Nutrition instruction and counseling, pancreatic enzyme replacement therapy (PERT) and vitamin supplementation become essential components of care for patients with CF.
Because of malabsorption, caloric needs are 20–50 percent higher in patients with CF. If dietary intake is not sufficient, supplemental feedings, either elemental or parenteral, may be needed to help ensure adequate calories. Similarly, patients can become vitamin deficient, especially with fat-soluble vitamins and will require vitamin supplementation.

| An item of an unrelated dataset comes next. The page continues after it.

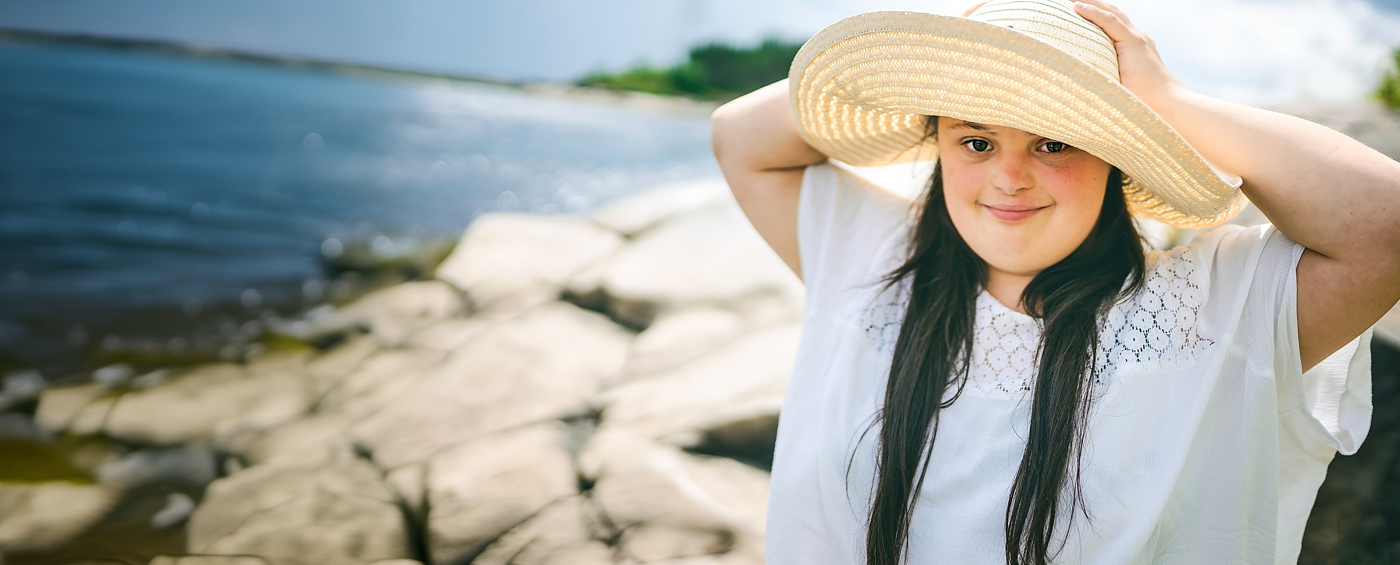 beautiful woman in beach hat at beach shore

Pancreatic Enzyme Replacement Therapy (PERT) is necessary for the 85 to 90 percent of patients whose pancreas is affected by CF. The goals of PERT are to decrease the steattorrhea, diarrhea and abdominal pain, and thus improve absorption and nutritional status. Enzyme replacement must be part of every snack or meal, with dosing typically determined by patient size and the amount of fat intake.

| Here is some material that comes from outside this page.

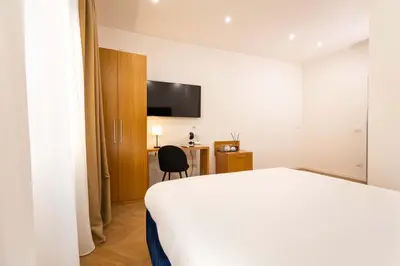 a hotel room with a bed and a chair at Affresco LR Collection in Rome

Even with PERT, 10–20 percent of intake is not absorbed. For nearly 40 percent of patients, dietary intake is not enough and supplements are needed. Oral supplements include commercial products that are specifically higher in fat and lower in carbohydrates and homemade supplements made by adding, for example, canola oil or MCT oils to shakes or adding butter to foods. Oral supplements must be accompanied by PERT.
It is essential to monitor how well the nutritional strategies are working, assessing:
- Growth and development – How children are following the height and weight growth curves.
- Bone health – Just over 26 percent of patients with CF over 18 years have signs of osteoporosis or osteopenia, the risk increasing as patients age.
- Micronutrient deficiencies, especially the fat-soluble vitamins A, D, and K – Standard multivitamins are recommended for children over 8 years of age and adults, often supplemented by additional fat-soluble vitamins and vitamin E.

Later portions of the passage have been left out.